REQUIRED WORK: "What" is the word to look for; copy each line of the listing where it occurs.

DATASET ENTRIES:

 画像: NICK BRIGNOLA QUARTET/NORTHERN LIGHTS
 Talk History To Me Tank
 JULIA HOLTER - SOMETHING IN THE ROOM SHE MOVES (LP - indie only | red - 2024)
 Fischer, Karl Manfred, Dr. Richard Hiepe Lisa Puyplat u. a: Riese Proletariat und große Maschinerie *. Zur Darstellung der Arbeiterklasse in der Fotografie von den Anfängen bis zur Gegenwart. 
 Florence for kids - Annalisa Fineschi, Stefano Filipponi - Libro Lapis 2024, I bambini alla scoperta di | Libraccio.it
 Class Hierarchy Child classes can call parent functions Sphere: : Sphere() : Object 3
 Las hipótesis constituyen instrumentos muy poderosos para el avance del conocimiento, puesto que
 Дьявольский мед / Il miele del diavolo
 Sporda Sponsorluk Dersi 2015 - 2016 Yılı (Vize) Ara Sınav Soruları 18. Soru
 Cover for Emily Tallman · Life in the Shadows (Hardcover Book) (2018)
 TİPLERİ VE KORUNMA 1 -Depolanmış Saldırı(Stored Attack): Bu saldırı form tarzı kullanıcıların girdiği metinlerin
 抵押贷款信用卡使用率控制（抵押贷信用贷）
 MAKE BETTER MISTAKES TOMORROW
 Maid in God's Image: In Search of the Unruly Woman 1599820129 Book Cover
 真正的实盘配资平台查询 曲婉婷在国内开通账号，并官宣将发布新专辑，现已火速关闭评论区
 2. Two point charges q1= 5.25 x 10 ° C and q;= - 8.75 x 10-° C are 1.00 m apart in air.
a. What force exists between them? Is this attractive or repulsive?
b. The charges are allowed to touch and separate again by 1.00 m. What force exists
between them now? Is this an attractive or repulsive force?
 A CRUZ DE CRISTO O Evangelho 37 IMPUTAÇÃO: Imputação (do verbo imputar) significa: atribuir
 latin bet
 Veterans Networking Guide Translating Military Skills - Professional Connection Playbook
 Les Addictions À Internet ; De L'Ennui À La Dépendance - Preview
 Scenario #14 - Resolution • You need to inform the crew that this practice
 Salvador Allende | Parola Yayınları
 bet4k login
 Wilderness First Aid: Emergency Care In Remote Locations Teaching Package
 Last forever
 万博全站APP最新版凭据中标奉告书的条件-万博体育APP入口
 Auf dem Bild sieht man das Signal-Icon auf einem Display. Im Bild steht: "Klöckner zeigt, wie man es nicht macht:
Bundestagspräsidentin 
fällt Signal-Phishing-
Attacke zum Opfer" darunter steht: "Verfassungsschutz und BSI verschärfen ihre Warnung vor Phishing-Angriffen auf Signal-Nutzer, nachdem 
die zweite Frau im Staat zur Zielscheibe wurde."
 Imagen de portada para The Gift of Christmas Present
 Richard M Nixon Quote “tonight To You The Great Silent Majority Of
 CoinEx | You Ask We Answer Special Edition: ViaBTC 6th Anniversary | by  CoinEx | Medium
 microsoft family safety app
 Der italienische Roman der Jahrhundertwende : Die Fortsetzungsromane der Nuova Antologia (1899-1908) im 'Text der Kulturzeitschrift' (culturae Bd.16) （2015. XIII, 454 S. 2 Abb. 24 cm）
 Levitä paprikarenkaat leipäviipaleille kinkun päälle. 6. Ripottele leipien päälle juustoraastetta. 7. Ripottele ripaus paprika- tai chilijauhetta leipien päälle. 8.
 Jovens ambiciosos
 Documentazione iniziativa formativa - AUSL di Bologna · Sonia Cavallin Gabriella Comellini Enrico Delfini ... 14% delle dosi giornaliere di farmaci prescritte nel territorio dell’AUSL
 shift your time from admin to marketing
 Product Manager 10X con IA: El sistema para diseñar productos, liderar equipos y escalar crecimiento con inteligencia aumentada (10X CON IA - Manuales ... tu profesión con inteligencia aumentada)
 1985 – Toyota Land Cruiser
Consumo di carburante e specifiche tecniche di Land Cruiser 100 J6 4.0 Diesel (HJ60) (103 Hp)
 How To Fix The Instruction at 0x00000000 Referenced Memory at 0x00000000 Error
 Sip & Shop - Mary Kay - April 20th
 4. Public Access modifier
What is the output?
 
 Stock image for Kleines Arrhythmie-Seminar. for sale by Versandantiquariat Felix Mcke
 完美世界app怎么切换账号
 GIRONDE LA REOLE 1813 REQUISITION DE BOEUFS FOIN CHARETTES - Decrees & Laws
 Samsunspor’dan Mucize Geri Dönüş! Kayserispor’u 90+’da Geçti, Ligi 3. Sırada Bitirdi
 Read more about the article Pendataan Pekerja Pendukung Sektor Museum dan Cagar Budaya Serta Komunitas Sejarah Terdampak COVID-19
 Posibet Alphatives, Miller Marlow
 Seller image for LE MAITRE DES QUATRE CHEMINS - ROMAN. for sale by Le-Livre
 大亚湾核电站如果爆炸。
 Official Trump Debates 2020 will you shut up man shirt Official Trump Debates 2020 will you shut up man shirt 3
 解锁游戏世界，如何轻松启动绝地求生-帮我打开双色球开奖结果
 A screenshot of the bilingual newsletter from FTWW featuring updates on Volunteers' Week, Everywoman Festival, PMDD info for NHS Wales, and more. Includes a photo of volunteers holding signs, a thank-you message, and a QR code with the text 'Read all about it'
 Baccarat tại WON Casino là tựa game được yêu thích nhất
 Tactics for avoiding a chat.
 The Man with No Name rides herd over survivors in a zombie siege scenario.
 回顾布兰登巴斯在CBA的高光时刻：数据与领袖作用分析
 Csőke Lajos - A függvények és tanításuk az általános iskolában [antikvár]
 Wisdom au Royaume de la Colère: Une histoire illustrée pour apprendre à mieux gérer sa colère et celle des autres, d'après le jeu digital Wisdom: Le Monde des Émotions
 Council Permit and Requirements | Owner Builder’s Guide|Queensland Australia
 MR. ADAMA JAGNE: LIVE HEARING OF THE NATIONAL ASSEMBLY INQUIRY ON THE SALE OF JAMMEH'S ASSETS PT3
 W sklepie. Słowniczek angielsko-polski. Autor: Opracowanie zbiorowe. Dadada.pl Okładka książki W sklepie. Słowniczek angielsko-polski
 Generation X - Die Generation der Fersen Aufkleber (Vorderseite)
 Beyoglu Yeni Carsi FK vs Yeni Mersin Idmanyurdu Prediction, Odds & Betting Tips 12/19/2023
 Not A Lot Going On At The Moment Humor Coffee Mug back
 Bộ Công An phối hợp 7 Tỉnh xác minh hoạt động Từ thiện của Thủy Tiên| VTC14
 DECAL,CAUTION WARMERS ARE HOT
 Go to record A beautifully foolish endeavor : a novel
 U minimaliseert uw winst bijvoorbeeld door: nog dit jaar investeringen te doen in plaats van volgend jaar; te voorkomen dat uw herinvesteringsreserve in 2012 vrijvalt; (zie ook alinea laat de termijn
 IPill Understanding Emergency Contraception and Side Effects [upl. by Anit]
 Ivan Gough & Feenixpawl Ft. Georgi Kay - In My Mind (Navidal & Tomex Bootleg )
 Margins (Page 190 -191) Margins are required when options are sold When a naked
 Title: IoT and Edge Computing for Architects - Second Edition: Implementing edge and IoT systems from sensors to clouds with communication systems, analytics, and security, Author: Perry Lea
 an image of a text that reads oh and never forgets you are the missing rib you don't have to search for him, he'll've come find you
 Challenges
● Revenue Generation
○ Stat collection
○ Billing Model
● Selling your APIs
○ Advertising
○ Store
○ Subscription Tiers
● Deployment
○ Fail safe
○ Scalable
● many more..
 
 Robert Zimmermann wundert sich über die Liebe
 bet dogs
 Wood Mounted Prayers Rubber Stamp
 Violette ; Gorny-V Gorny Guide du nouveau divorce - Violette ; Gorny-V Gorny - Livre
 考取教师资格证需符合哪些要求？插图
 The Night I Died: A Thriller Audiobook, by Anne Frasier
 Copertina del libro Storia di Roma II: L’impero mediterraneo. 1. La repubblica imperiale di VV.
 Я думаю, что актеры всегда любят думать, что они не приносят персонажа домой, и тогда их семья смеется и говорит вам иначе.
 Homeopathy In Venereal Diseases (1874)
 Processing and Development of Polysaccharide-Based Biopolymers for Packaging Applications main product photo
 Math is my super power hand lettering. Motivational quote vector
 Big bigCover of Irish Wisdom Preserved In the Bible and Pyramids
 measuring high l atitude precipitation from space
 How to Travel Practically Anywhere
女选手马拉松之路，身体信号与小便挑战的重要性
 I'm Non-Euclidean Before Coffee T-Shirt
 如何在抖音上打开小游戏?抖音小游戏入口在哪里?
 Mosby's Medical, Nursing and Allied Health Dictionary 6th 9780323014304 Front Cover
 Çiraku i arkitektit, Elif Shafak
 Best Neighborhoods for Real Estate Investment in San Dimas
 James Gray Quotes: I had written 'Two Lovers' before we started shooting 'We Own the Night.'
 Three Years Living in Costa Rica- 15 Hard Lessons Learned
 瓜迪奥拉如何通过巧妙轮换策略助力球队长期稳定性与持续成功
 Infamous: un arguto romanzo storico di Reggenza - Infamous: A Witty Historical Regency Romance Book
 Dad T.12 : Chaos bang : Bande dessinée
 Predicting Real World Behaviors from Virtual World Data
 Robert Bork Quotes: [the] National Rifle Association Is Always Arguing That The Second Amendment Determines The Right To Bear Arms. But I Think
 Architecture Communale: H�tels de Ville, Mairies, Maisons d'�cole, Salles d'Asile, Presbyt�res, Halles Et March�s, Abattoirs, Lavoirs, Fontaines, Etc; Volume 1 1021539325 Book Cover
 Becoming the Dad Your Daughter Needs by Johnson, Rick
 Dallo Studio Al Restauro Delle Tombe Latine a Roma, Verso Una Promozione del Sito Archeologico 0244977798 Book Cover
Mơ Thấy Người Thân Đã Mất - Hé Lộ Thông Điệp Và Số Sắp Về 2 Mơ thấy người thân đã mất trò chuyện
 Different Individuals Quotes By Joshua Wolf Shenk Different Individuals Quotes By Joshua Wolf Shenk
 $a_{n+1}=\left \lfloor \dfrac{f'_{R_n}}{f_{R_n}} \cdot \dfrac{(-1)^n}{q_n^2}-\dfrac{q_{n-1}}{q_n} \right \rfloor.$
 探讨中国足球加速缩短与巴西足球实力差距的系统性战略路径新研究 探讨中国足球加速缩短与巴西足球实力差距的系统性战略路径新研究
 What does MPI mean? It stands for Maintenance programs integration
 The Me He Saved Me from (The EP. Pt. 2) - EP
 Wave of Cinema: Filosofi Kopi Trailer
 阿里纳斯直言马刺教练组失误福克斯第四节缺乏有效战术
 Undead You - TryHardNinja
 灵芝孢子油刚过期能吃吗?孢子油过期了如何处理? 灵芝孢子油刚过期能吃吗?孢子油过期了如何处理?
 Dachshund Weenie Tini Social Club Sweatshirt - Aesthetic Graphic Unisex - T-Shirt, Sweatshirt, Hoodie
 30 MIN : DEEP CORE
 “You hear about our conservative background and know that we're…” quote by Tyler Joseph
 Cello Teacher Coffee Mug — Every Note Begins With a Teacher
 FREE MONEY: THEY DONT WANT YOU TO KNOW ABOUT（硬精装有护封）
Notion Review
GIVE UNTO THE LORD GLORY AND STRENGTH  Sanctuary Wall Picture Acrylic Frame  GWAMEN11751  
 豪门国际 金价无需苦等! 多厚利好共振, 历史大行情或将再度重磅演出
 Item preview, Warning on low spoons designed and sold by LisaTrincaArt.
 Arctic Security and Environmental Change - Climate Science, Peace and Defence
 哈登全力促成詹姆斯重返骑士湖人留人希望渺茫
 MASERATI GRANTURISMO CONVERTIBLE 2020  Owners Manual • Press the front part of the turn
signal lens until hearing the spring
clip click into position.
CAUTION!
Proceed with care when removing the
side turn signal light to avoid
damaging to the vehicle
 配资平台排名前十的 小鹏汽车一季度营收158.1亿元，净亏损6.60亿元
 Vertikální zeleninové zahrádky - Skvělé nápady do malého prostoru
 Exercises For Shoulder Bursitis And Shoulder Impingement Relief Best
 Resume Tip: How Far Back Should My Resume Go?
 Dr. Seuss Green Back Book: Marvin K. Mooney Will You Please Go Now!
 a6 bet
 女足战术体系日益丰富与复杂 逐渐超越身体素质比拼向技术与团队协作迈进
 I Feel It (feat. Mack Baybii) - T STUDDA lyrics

REPLY TO THE EXERCISE:
a. What force exists between them? Is this attractive or repulsive?
b. The charges are allowed to touch and separate again by 1.00 m. What force exists
What is the output?
 What does MPI mean? It stands for Maintenance programs integration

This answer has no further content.